Yea for skipping over the long list of organizational tasks.  Because if I attempted it, I might really be insane.  Perhaps as was discussed at knitting club the other morning, I should start writing "Already Done Lists."  I'm sure I'd feel much better about my day.  Today would include:  taking the kids skating (which took up the whole morning and did not involve a whole lot of sanity), making the best creamy tomato spinach pasta, washing the floor, doing a puzzle, reading Geronimo Stilton (for the boys reading interest), cleaning up play-doh and puzzles, folding and putting away 2 loads of laundry, making a supper stirfry, dancing with a baby and her music box...  Yes, I'm feeling better now.

Appreciating precious moments, making already done lists, and taking the time to reframe things.  I'm feeling more joyful than when I sat down here.

And late at night by myself I might remember to appreciate simple gifts in life, like how beautiful a clean kitchen is and how lovely some stiches are.

Tuesday, November 22, 2011

Winter Picture Story

This mama forgot we like being outside in the winter.  We were starting to go crazy inside too much.  It seemed to hard with a babe that takes off mitts and toques within seconds.  Not very Saskatchewanian of you, I tell her.  But, we dug through the storage room and found some warmer items that she can't remove.  We found the blue baby sled.  And we went out to the park!
She stopped screaming after she was moving in the sled.  We played musical sleds on our way.

Somebody wants a ride, somebody wants to pull, somebody wants to OTHER sled.
But we made it to the park.  The big kids found the biggest hill among the small choices of the park.
This unsure babe, changed her mind about being bundled up.  Hmm, it is nice to be outside, eh babe?  Especially when there is a fun big brother and sister to giggle at.

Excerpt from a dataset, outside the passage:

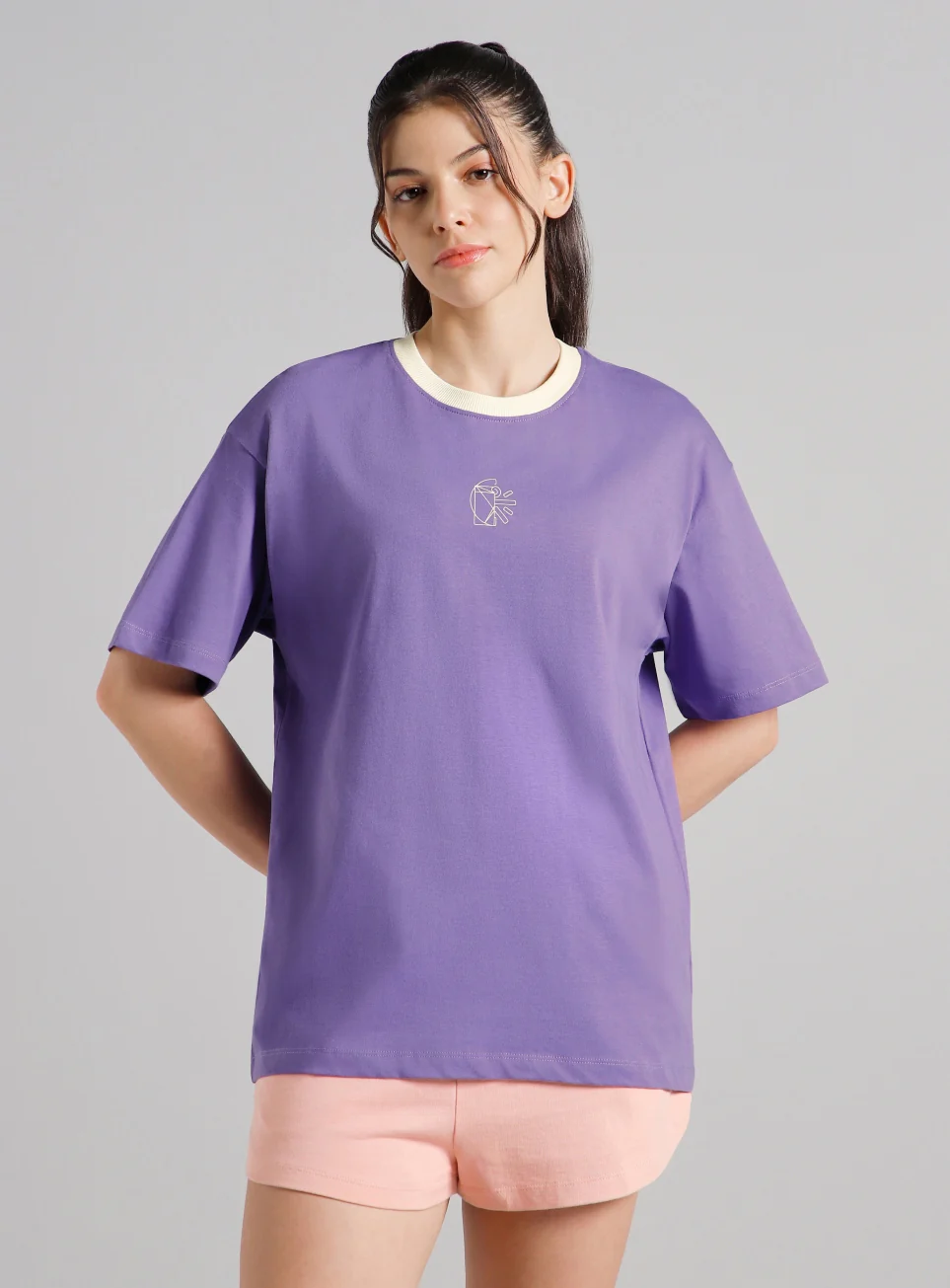 Women's Purple Cult Logomania Print Oversized Fit T-shirt - Image 4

So the next time everyone seems a little grouchy, I order us outside to go sledding at the big hill.  Kellen says no, it's no fun.  I say we are going, so go.  He says fine, but if its not fun, then you can't be on your computer for a whole week.  Oh, really, I say.
Hmm, looks like fun to me (and I am on my computer after all.)

I couldn't get a picture of lanelle sledding.  She decided she wouldn't go down the BIG hill without mom.  Kind of glad she decided that, because I had so much fun!  Neve did end up protesting a lot about being left alone (or so I thought that was the problem).  I'd sprint back up while the big kids slowly made their way up.  Soon though, I realized , as she tried desperately to move her super bundled body over to the sled, that she was mad because she wanted to go.  So, I took her, and she LOVED it!  Oh, Neve, are you a thrill seeker already?